- Born: July 7, 1978 (age 48)
- Education: Syracuse University
- Occupation: Sports broadcaster
- Years active: 2000–present
- Employer: Minnesota Twins
- Known for: Play-by-play announcer
- Spouse: Dana Provus
- Children: 2
- Relatives: Brad Sham (cousin)

= Cory Provus =

American sportscaster (born 1978)

Cory Provus (born July 7, 1978) is a sports television and radio broadcaster. As of the 2024 season, he is the play-by-play voice of the Minnesota Twins on television, replacing Dick Bremer.
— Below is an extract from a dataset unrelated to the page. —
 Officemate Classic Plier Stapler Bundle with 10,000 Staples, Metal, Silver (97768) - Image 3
==Early life and education==
Provus grew up in Highland Park, Illinois. He graduated from Syracuse University's S. I. Newhouse School of Public Communications in 2000. Working at WAER-FM at SU campus, he did play by play and studio hosting for the Syracuse Orange sports.
While at Syracuse, he called baseball games for minor-league Auburn of the New York–Penn League.

==Career==
Provus began his career calling collegiate football, basketball, and baseball games for the Virginia Tech Hokies (2000-03), Georgia Tech Yellow Jackets, UAB Blazers (2006), and the Wake Forest Demon Deacons. Cory is a play-by-play announcer for a small package of Big Ten Network games and is a play-by-play announcer for college basketball on FOX.

He began his major league broadcasting career as the pregame/postgame host for radio broadcasts of the Chicago Cubs and backed up Pat Hughes. The Milwaukee Brewers then hired Provus in 2009, replacing Jim Powell who departed for a job with the Atlanta Braves, alongside Bob Uecker until 2012. Joe Block would replace him.
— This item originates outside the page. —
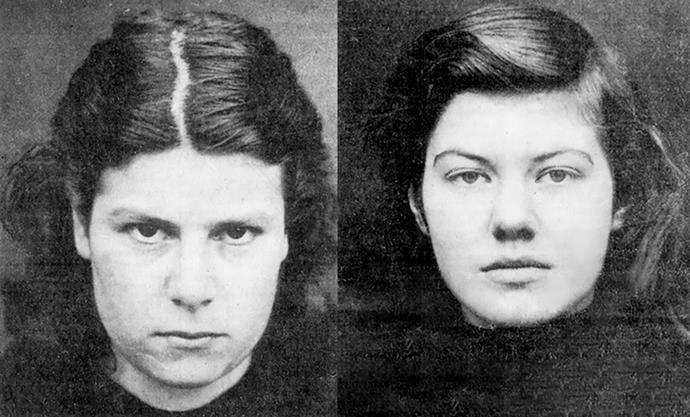 Pauline (left) was 16 at the time of her mother's murder, while Juliet was 15.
The Twins hired Provus to replace John Gordon who retired after the 2011 season.

The Twins hired Provus as the play-by-play voice for the television booth to replace Dick Bremer who retired after the 2023 season.

==Personal life==
Provus lives in Minnetonka, Minnesota with his wife Dana; they have a son and daughter. Provus is Jewish. Dallas Cowboys sportscaster Brad Sham is his cousin.